Three submarine rescue exercises were carried out in the first quarter of 2022, JFD has said.

James Fisher has supported three international submarine exercises in the first quarter of this year, the company has revealed. One of the exercises took place in Australia, the other two in the UK.


JFD submarine rescue equipment

“It has been an exciting and operationally busy start to the year for JFD, with three consecutive submarine exercises taking place across the world,” said Ben Wright, Head of Capability, Submarine Escape and Rescue.

“Not only that, but JFD achieved some significant operational milestones for our customers, including beating timed mobilisation targets in Australia.”

In February, JFD’s third Deep Search and Rescue Vehicle (DSRV) was trialled with a dock dip in Glasgow, harbour acceptance trials in Fort William, Scotland, and factory acceptance tests.

In March, a teacm of submarine rescue operators carried out a seaborne operational training exercise in Australia on board Mothership MV Stoker.

In this exercise, rescue assets mobilised included an ROV system, LR5 SRV certification drive and hyperbaric training with Royal Australian Navy Medics. 

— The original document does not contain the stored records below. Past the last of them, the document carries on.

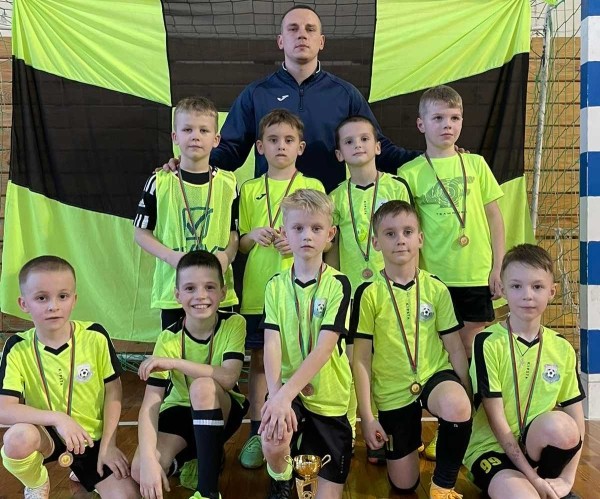 Юные барановичские футболисты стали победителями футбольного турнира «Slonim cup 2022»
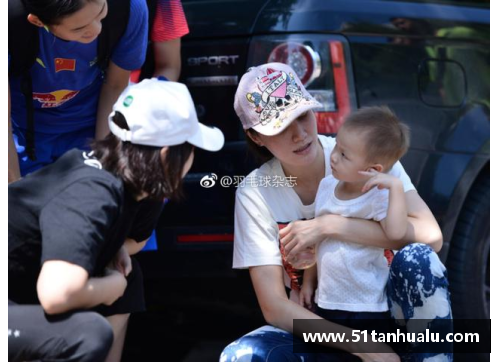 金沙js3833安赛龙1岁女儿萌翻了!现场为爸爸加油，国羽冠军调侃_偷孩子去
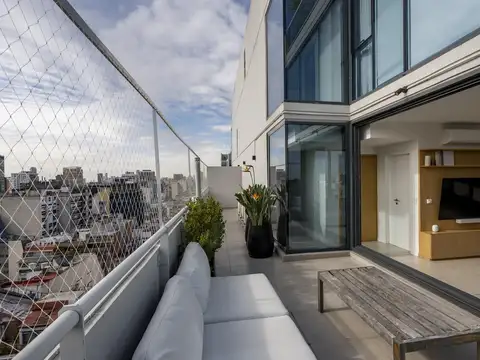 Departamento en Alquiler con 2 cocheras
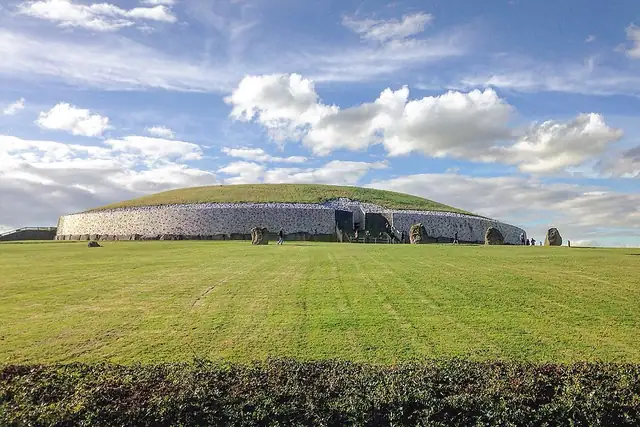 Newgrange – Megalith, 9 km von Drogheda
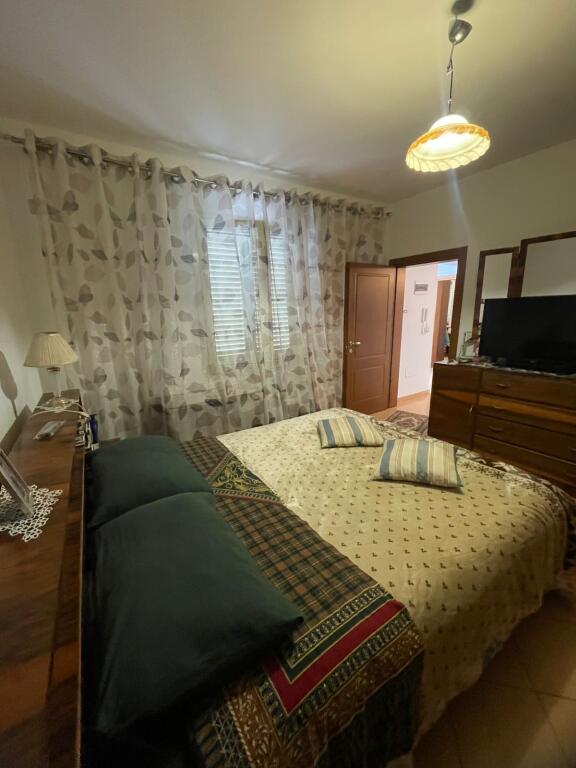 🏡 3-STORY VILLA FOR SALE SCHOOL 2 GJELAT DURRËS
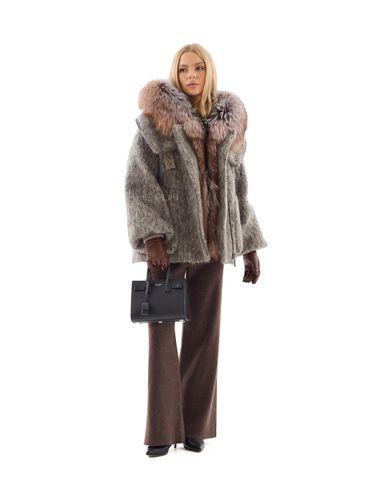 Шоколадный пуховик из шерсти с капюшоном и мехом лисы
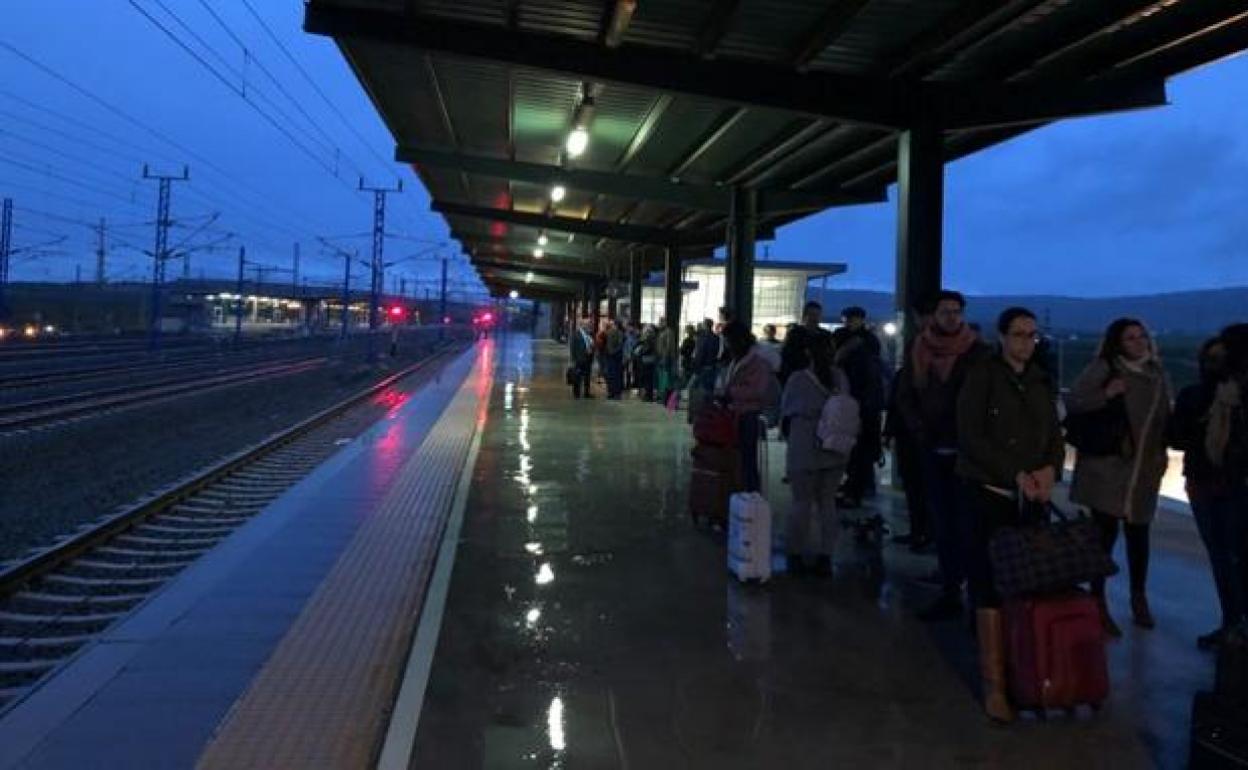 Pasajeros afectados esperando en Antequera.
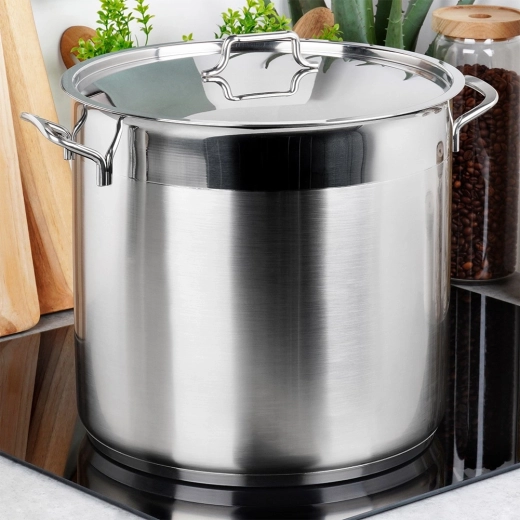 Kompatibilní se všemi typy sporáků včetně indukce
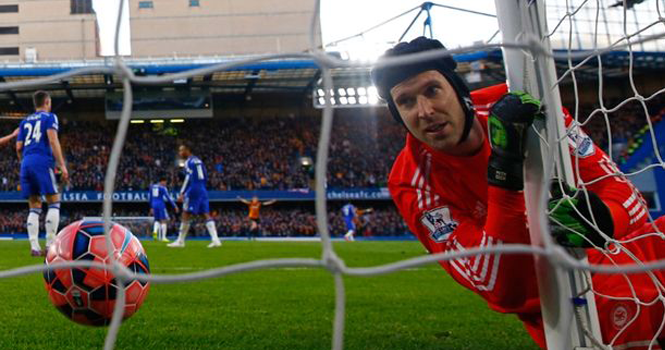 Chelsea công bố giá bán Petr Cech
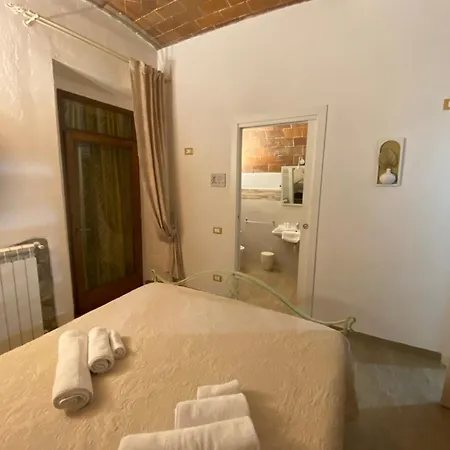 Podere Mona Lägenhet *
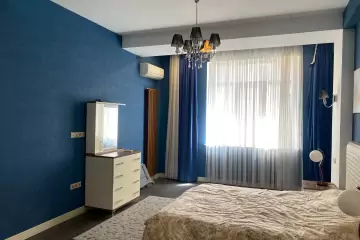 Satılır Yeni Tikili Nəsimi Bazarında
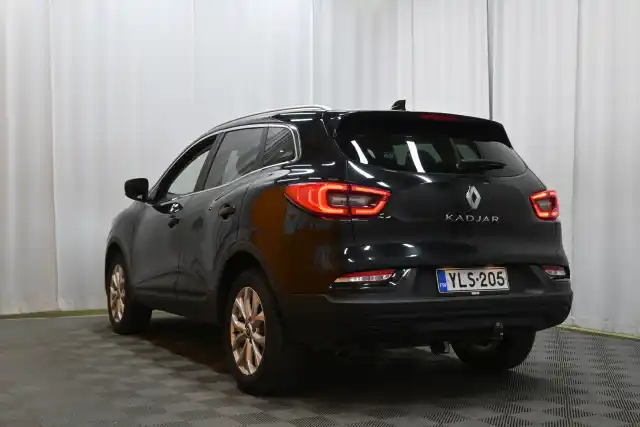 Musta Farmari, Renault Kadjar – YLS-205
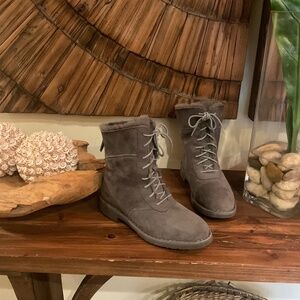 UGG Women’s Lace Up Shearling Sheepskin Suede High Top Combat Gray Boots, 6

“The mobilisation time was achieved in 57 hours, this compared with the standard 72 hours is a significant achievement and testament to the experience and dedication of the JFD team,” said the firm.

At the end of March, the full NATO Submarine Rescue System was deployed by JFD to SD Northern River to undertake exercises off the west coast of Scotland.

”JFD is continually striving to improve global submarine rescue and our practical and global experience, reinforced through regular exercises, enables us to lead the way within this specialist and critical area,” says JFD, whcih provides its submarine rescue systems to 33 navies worldwide.

”In the event of a Distressed Submarine, any delays to a rescue operation can have catastrophic consequences, so it is vital that regular Submarine Rescue System and Submarine Rescue Vehicle exercises take place,” says Wright. ”This enables equipment to be proven and personnel familiarised, giving the best possible chance of an efficient rescue operation should a real-life incident occur.”